As part of her dissertation, Hitt actually built an entire package in the R programming language that expands on a prior one dedicated to group testing. When users click the “Calculate” button, the app calls in mathematical functions from the new package to perform the necessary calculations and generate results. To ease users into the app and give them a sense of how changes to certain variables can alter those results, Hitt also coded an “Example” button that populates all of the fields with random but reasonable values.

Bilder’s longtime conversations with colleagues at the Nebraska Public Health Laboratory, the Association of Public Health Laboratories, and other sites that employ group testing ultimately informed the app’s design, Hitt said.

“It’s been important for us to get their feedback throughout this process and just improve it as much as we can,” she said. “We used that information to come up with a more user-friendly app.

“We realize that the people who probably benefit most from its functions are people who don’t have a math-stat background, or if they do, it’s not extensive. And they may not have any programming experience. So it was important to us to create this app to reach those people. Asking easy-to-understand questions that elicit the information we need, providing easy fill-in boxes and sliders and radio buttons — it doesn’t require any coding (for users), and that was the goal.”

Accounting for other considerations, including some that Bilder and fellow statisticians have spent years studying, could optimize group testing even further. Contextual information — in the case of COVID-19, whether someone is showing symptoms or has been in contact with infected people — could help slot samples into low- and high-risk pools, better calibrating the initial pool size and form of group testing.

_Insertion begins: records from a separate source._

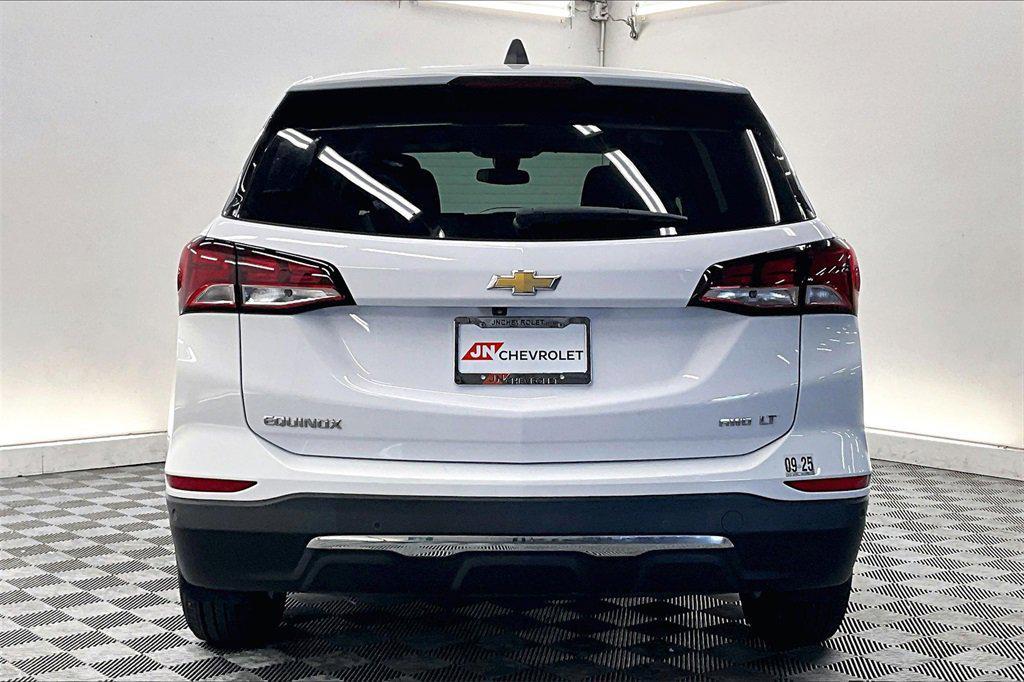 used 2023 Chevrolet Equinox car, priced at $23,808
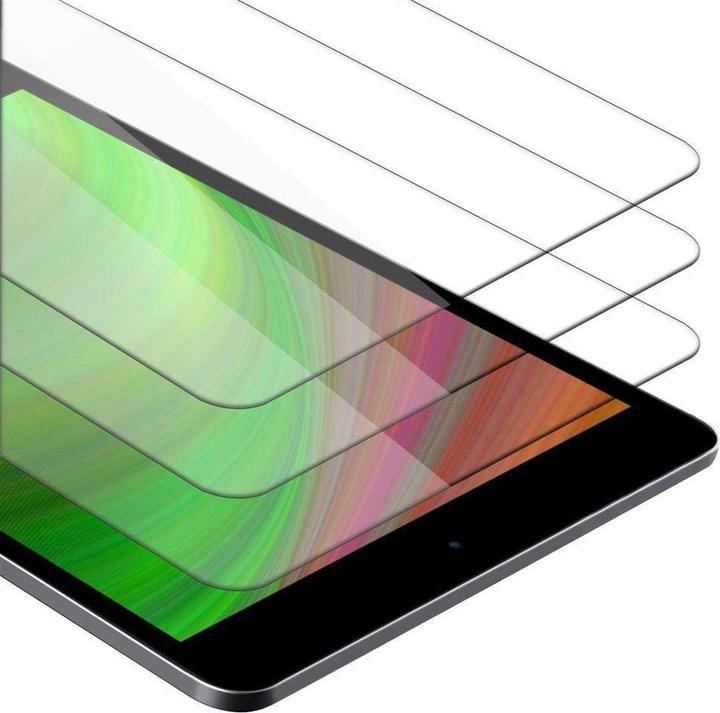 Immagine prodotto Cadorabo Vetro di protezione del display (3 Pezzo/i, iPad mini, Mini 3, Mini 2)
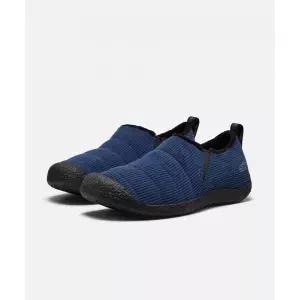 KEEN 하우저 II 남성 슬립온 NAVAL ACADEMY CORDUROY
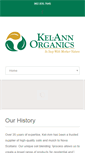 Mobile Screenshot of kelann.com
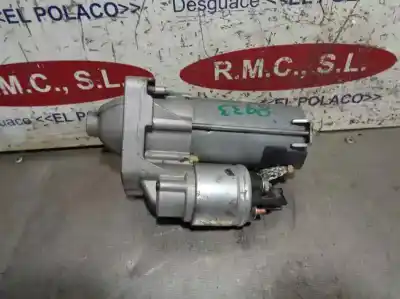 Pezzo di ricambio per auto di seconda mano motorino di avviamento per renault kangoo emotion riferimenti oem iam 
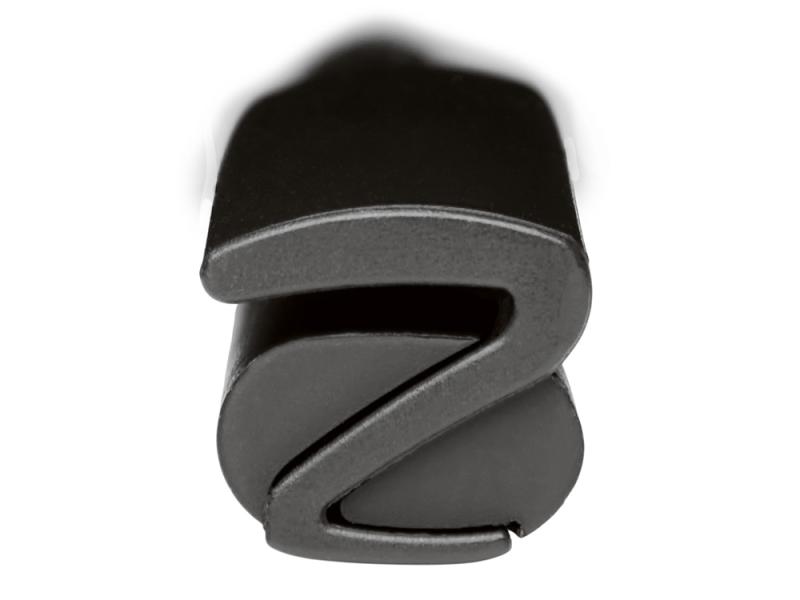 Ручка пластиковая soft-touch шариковая Zorro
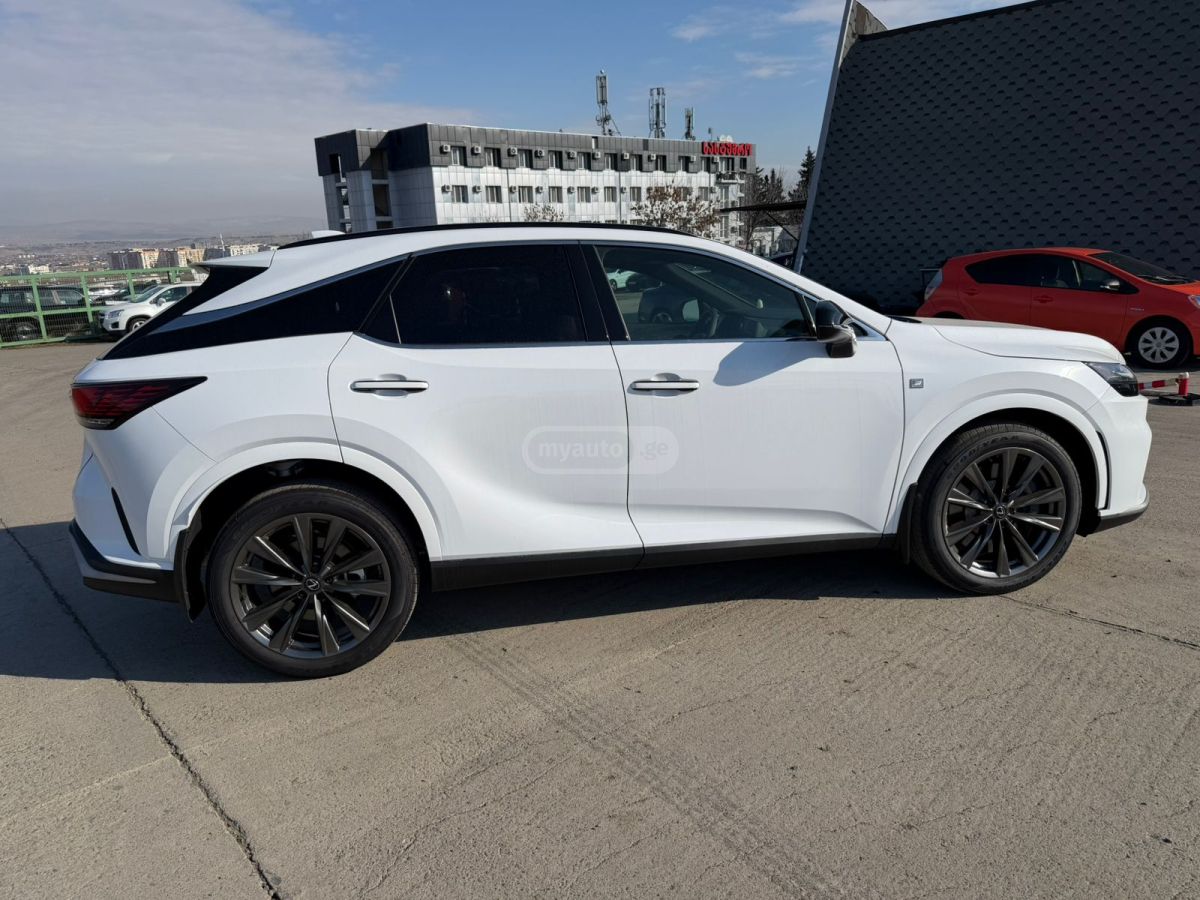 Lexus F SPORT FULL — миниатюра 3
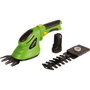 Fieldmann FZN 4102-AT Cisaille sans fil pour gazon et arbustes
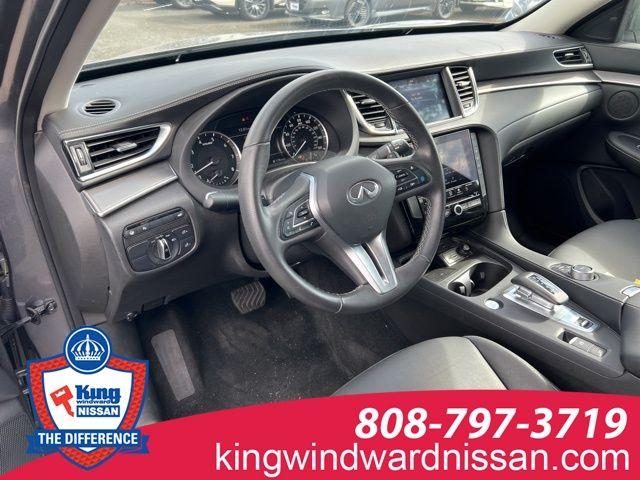 2023 INFINITI QX50 Vehicle Photo in Kaneohe, HI 96744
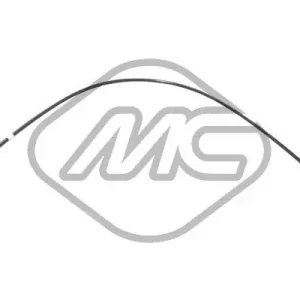 Oferta Przewód paliwowy METALCAUCHO 92060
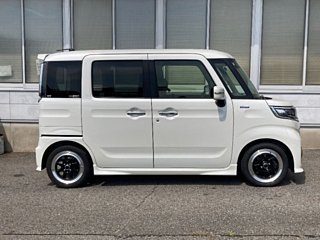 SUZUKI SPACIA 2019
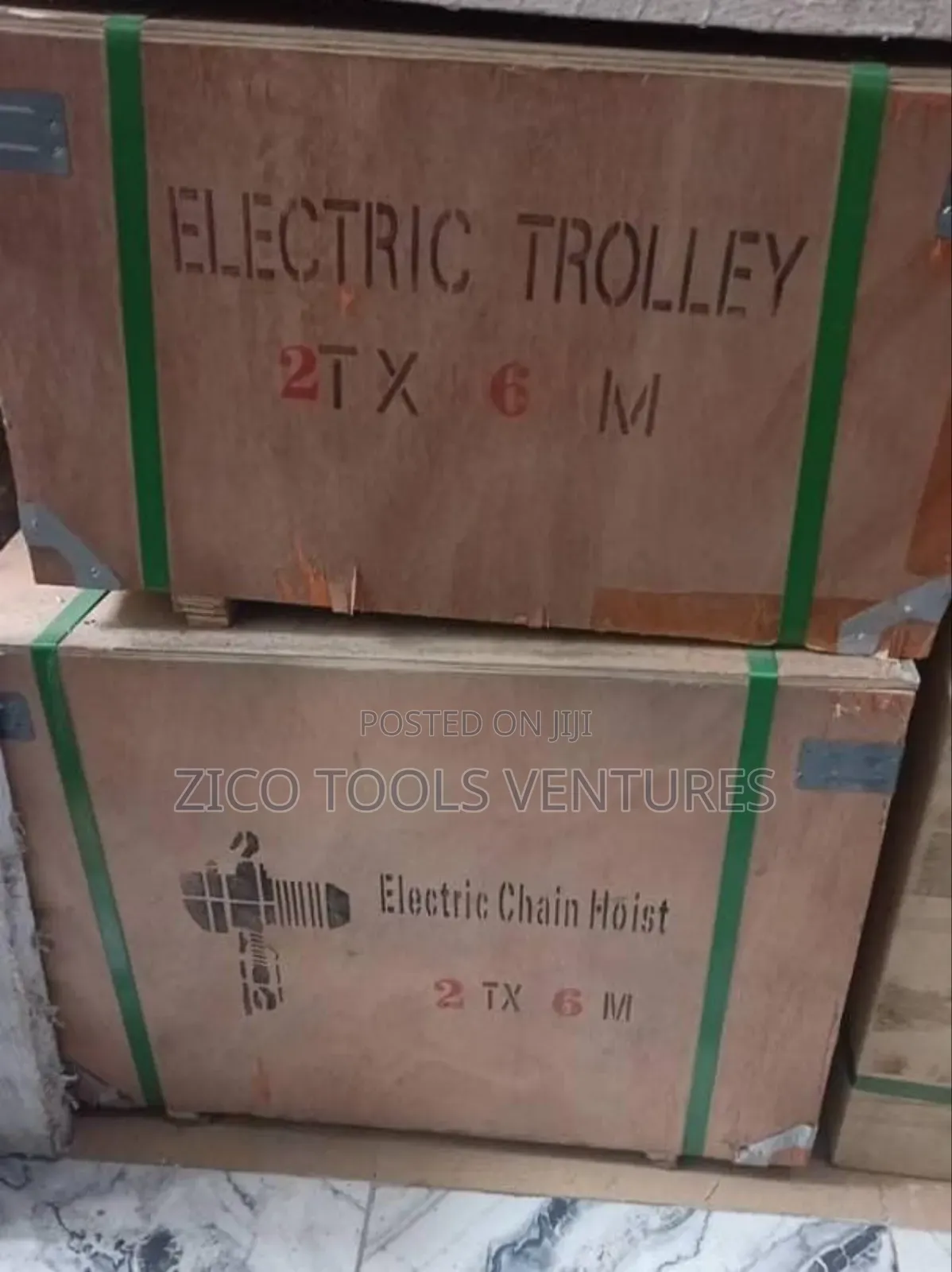 Industrial Electric Chain Hoist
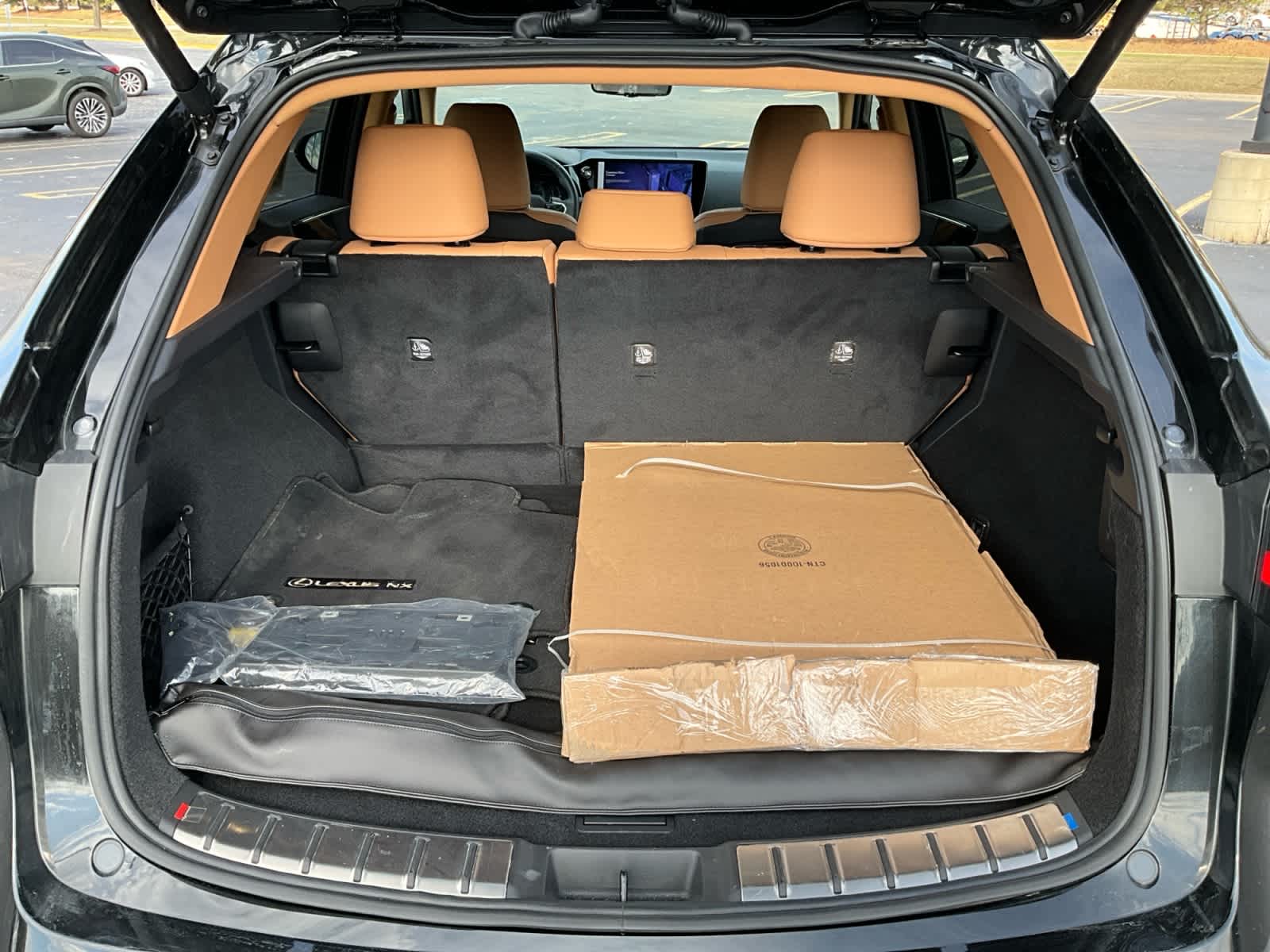 2023 Lexus NX 350 Premium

The researchers have also looked at the optimal group-testing strategies when testing for more than one disease at a time, as many labs do when screening for sexually transmitted diseases. Applying that approach to the novel coronavirus, Bilder said, could accelerate the process of distinguishing it from other viruses that produce similar symptoms.

“Imagine if we could test for both the flu and COVID-19 at exactly the same time,” he said.

A recent personal scare only reinforced Bilder’s belief that group testing should be implemented on a far wider scale. Just a couple of weeks before the Nebraska Public Health Laboratory reached out to him for guidance, Bilder came down with COVID-19-like symptoms. Like so many before and after him, though, he didn’t meet the strict testing requirements — an issue that stems in large part from shortages that group testing could help address.

“If there was ever a time for group testing, now’s the time,” he said. “It’s not going to completely solve the testing problem, but it is an important component of the overall solution to the problem.”